In Klein's description, these points and lines belong to the complex projective plane, a space whose coordinates are complex numbers rather than the real-number coordinates of the Euclidean plane.

The geometric realisation of this configuration as points and lines in the Euclidean plane, based on overlaying three regular heptagrams, was only established much later, by Grünbaum & Rigby (1990). Their paper on it became the first of a series of works on configurations by Grünbaum, and contained the first published graphical depiction of a 4-configuration.
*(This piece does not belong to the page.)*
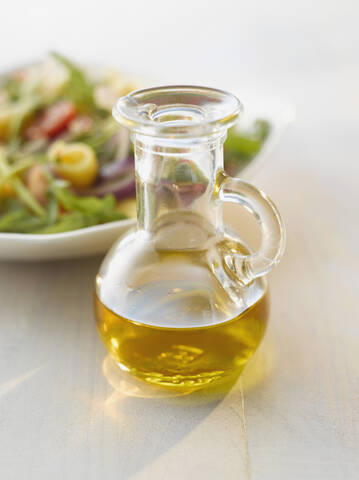 Ölflasche vor einem Salat, lizenzfreies Stockfoto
In the notation of configurations, configurations with 21 points, 21 lines, 4 points per line and 4 lines per point are denoted (21_{4}). However, the notation does not specify the configuration itself, only its type (the numbers of points, lines, and incidences). It also does not specify whether the configuration is purely combinatorial (an abstract incidence pattern of lines and points) or whether the points and lines of the configuration are realizable in the Euclidean plane or another standard geometry.
The type (21_{4}) is highly ambiguous: there is an unknown but large number of (combinatorial) configurations of this type, 200 of which were listed by Di Paola & Gropp (1989).

==Construction==
The Grünbaum–Rigby configuration can be constructed from the seven points of a regular heptagon and its 14 interior diagonals. To complete the 21 points and lines of the configuration, these must be augmented by 14 more points and seven more lines. The remaining 14 points of the configuration are the points where pairs of equal-length diagonals of the heptagon cross each other. These form two smaller heptagons, one for each of the two lengths of diagonal; the sides of these smaller heptagons are the diagonals of the outer heptagon. Each of the two smaller heptagons has 14 diagonals, seven of which are shared with the other smaller heptagon. The seven shared diagonals are the remaining seven lines of the configuration.
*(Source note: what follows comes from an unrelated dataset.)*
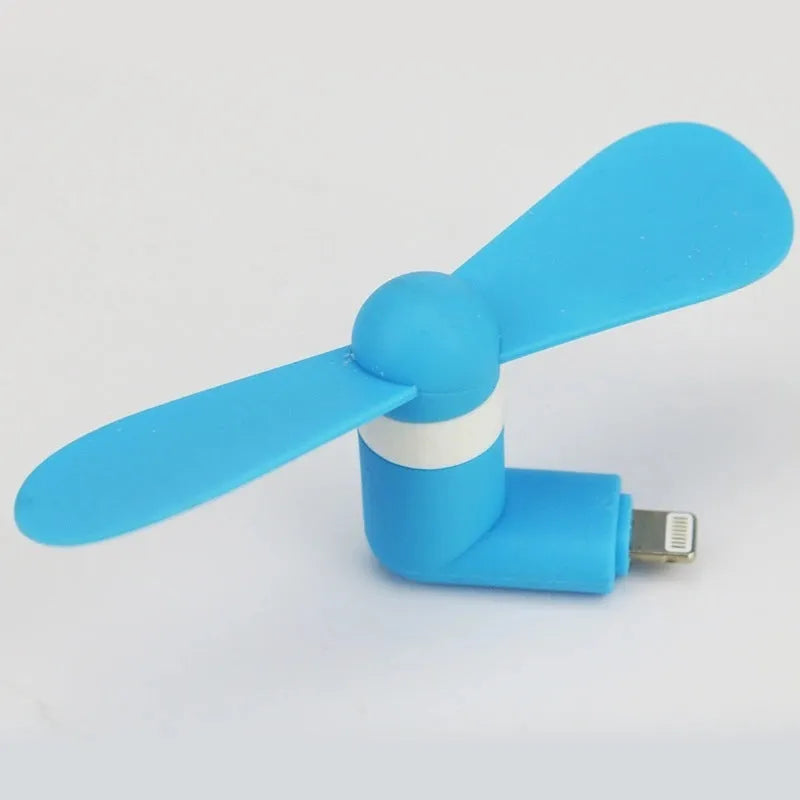 White portable mini fan with plastic blades and rotary switch attached to a mobile phone.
The original construction of the Grünbaum–Rigby configuration by Klein viewed its points and lines as belonging to the complex projective plane, rather than the Euclidean plane. In this space, the points and lines form the perspective centers and axes of the perspective transformations of the Klein quartic. They have the same pattern of point-line intersections as the Euclidean version of the configuration.

The finite projective plane $PG(2,7)$ has 57 points and 57 lines, and can be given coordinates based on the integers modulo 7.
In this space, every conic $C$ (the set of solutions to a two-variable quadratic equation modulo 7) has 28 secant lines through pairs of its points, 8 tangent lines through a single point, and 21 nonsecant lines that are disjoint from $C$.
Dually, there are 28 points where pairs of tangent lines meet, 8 points on $C$, and 21 interior points that do not belong to any tangent line. The 21 nonsecant lines and 21 interior points form an instance of the Grünbaum–Rigby configuration, meaning that again these points and lines have the same pattern of intersections.

==Properties==
The projective dual of this configuration, a system of points and lines with a point for every line of the configuration and a line for every point, and with the same point-line incidences, is the same configuration.
The symmetry group of the configuration includes symmetries that take any incident pair of points and lines to any other incident pair.
The Grünbaum–Rigby configuration is an example of a polycyclic configuration, that is, a configuration with cyclic symmetry, such that each orbit of points or lines has the same number of elements.